Die Geschichte der Hütte

Von der Landwirtschaft über den Hüttenbetrieb zum kulturellen Freizeitpark

Abb. 9: Die Emscher um 1890, Quelle: Stadtarchiv Duisburg
Abb. 9: Die Emscher um 1890, Quelle: Stadtarchiv Duisburg

Landwirtschaftliche Nutzung vor 1900

Im Duisburger Norden, im Bereich des Landschaftspark Duisburg-Nord und des heute noch bestehenden Hüttenwerkes in Bruckhausen, herrscht im ausgehenden 19. Jahrhundert noch die landwirtschaftliche Nutzung beidseits der Emscher vor.
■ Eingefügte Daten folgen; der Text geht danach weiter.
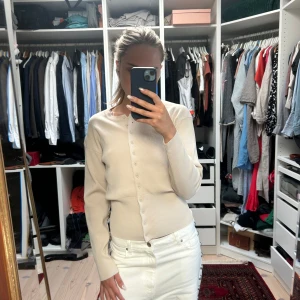 Beige ribbad kofta med knappar - Snygg beige kofta med ribbad midja och långa ärmar. Den har rund hals och knappar hela vägen framtill, vilket ger en clean och stilren look. Perfekt att matcha med jeans eller kjol för en chill och trendig vibe.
Die Bauernschaften Bruckhausen und Lösort mit ihren Höfen blicken auf eine lange Tradition. Erste Erwähnungen reichen bis ins 14. Jahrhundert. Die Höfe der Bauernschaft Lösort sind bis Anfang des 19. Jahrhunderts gegenüber der Abtei Hamborn abgabepflichtig.

Den Grundstein für sein späteres Wirken in diesem Gebiet legt August Thyssen schon Mitte des 19. Jahrhunderts mit seinen Beteiligungen an der „Gewerkschaft Vereinigte Gladbeck“ ab 1876 und der „Gewerkschaft Deutscher Kaiser“ ab 1883.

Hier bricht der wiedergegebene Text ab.